Éclairage

Le fait religieux à l’heure du coronavirus

La grande majorité des autorités spirituelles a réagi de manière disciplinée, mais certains courants minoritaires ont participé à la propagation de l’épidémie.


Le pape François célébrant seul la messe des Rameaux, hier, à la basilique Saint-Pierre. Alberto Pizzoli/POOL/AFP

Parce qu’elle perturbe les pratiques des croyants, parce qu’elle questionne le rapport entre la science et la foi, parce qu’elle est même parfois présentée comme le signe de la mort de l’homme prométhéen, la pandémie du nouveau coronavirus entretient un lien particulier avec le religieux.

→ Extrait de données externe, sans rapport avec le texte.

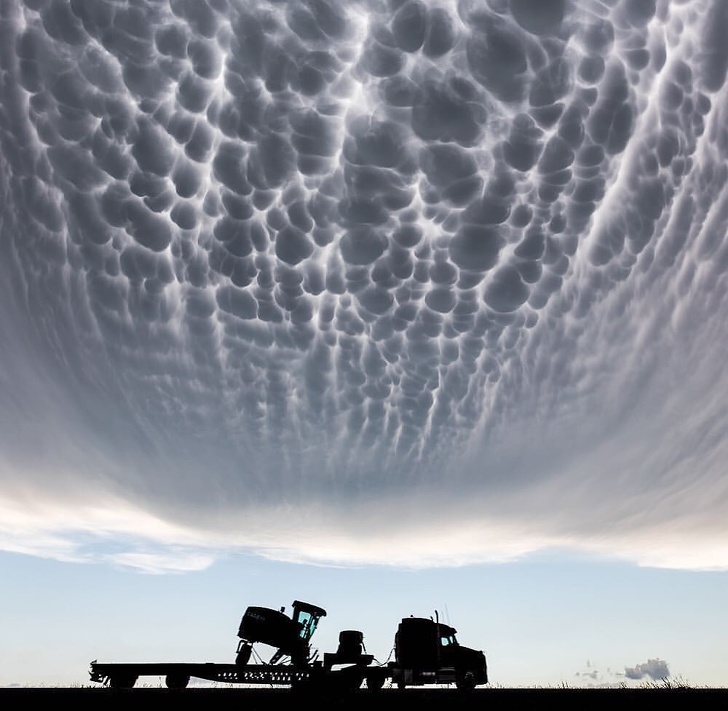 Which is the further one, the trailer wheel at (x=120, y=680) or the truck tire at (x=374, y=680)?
the truck tire at (x=374, y=680)

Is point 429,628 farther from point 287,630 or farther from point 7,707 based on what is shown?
point 7,707

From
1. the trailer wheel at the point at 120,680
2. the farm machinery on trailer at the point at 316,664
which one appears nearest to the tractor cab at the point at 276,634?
the farm machinery on trailer at the point at 316,664

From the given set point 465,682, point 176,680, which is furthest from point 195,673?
point 465,682

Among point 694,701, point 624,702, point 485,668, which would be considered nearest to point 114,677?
point 485,668

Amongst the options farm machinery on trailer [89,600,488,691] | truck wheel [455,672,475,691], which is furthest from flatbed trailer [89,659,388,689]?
truck wheel [455,672,475,691]

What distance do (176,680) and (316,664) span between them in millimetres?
5072

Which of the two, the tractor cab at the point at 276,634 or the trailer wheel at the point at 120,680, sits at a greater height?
the tractor cab at the point at 276,634

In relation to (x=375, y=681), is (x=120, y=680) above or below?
above

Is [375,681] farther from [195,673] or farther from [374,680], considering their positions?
[195,673]

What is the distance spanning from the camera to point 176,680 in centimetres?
2050

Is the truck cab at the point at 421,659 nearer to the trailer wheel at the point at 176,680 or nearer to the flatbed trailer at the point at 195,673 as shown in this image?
the flatbed trailer at the point at 195,673

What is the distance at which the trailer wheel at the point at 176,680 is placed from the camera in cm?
Answer: 2045

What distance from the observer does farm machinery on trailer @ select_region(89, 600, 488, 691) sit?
2034cm

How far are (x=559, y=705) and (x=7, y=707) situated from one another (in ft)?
48.6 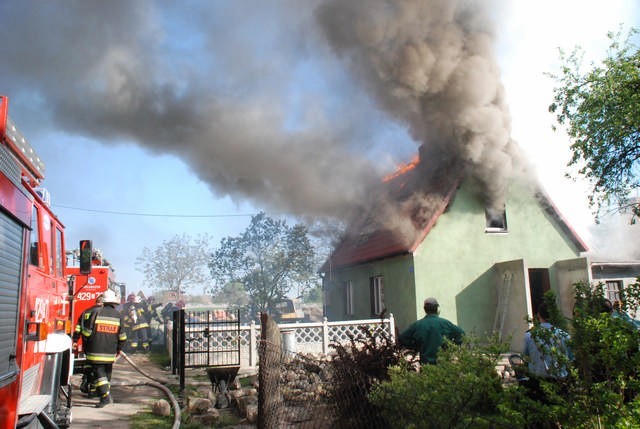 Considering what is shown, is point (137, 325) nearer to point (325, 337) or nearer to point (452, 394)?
point (325, 337)

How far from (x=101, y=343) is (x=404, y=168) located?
38.6 ft

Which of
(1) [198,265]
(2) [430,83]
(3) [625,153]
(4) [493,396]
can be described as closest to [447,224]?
(2) [430,83]

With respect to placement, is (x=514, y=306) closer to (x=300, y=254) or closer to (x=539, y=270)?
(x=539, y=270)

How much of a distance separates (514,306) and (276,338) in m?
9.36

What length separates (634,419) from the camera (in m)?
2.54

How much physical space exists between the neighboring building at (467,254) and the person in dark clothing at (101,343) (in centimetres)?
823

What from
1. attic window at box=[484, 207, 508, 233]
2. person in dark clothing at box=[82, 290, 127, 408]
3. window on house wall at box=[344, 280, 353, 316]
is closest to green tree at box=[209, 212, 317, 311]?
window on house wall at box=[344, 280, 353, 316]

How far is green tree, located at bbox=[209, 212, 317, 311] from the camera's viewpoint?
1900 cm

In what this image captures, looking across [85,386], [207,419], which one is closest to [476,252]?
[207,419]

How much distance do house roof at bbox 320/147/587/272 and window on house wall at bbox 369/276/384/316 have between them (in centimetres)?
78

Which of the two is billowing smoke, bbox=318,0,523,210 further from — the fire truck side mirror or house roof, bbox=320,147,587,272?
the fire truck side mirror

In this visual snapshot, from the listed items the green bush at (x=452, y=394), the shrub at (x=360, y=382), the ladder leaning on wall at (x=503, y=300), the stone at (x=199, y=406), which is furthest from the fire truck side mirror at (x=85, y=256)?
the ladder leaning on wall at (x=503, y=300)

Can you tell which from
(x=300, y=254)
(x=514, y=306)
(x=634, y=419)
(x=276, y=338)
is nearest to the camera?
(x=634, y=419)

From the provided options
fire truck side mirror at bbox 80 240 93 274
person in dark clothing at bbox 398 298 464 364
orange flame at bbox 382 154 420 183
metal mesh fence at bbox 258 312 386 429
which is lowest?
metal mesh fence at bbox 258 312 386 429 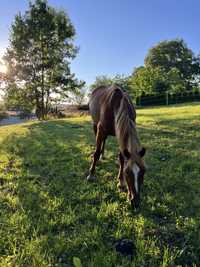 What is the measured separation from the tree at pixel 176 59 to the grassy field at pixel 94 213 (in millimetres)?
46264

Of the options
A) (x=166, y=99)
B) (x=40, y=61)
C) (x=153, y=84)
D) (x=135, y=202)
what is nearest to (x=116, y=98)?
(x=135, y=202)

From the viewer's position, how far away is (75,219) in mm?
3035

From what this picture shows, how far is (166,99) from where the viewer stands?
29.6m

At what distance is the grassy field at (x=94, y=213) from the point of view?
242cm

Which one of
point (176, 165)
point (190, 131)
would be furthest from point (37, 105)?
point (176, 165)

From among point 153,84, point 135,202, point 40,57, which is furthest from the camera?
point 153,84

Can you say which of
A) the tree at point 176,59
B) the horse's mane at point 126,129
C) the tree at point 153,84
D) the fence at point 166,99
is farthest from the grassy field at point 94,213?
the tree at point 176,59

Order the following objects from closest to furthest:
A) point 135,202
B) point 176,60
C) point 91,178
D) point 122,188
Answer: point 135,202, point 122,188, point 91,178, point 176,60

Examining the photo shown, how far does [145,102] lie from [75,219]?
27.9 meters

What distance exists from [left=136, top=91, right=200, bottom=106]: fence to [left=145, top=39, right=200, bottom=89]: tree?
19512mm

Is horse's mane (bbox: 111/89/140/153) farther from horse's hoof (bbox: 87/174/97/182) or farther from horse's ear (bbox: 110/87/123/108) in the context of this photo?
horse's hoof (bbox: 87/174/97/182)

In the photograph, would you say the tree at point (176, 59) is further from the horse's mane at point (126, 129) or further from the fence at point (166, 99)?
the horse's mane at point (126, 129)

Officiellement, les représentants des grandes religions monothéistes ont réagi de manière disciplinée en se conformant aux recommandations scientifiques et politiques. Les lieux de culte ont été progressivement fermés, les pèlerinages annulés et les rassemblements suspendus. Les images inédites du pape François priant en solitaire sur le parvis désert de la basilique Saint-Pierre à l’adresse d’un public virtuel marqueront probablement les esprits. Celles de l’esplanade de la Kaaba vide, également. Prières à la maison, célébrations retransmisses à la télévision, Pâque juive digitale… Dans le monde entier, l’office religieux est contraint de s’adapter.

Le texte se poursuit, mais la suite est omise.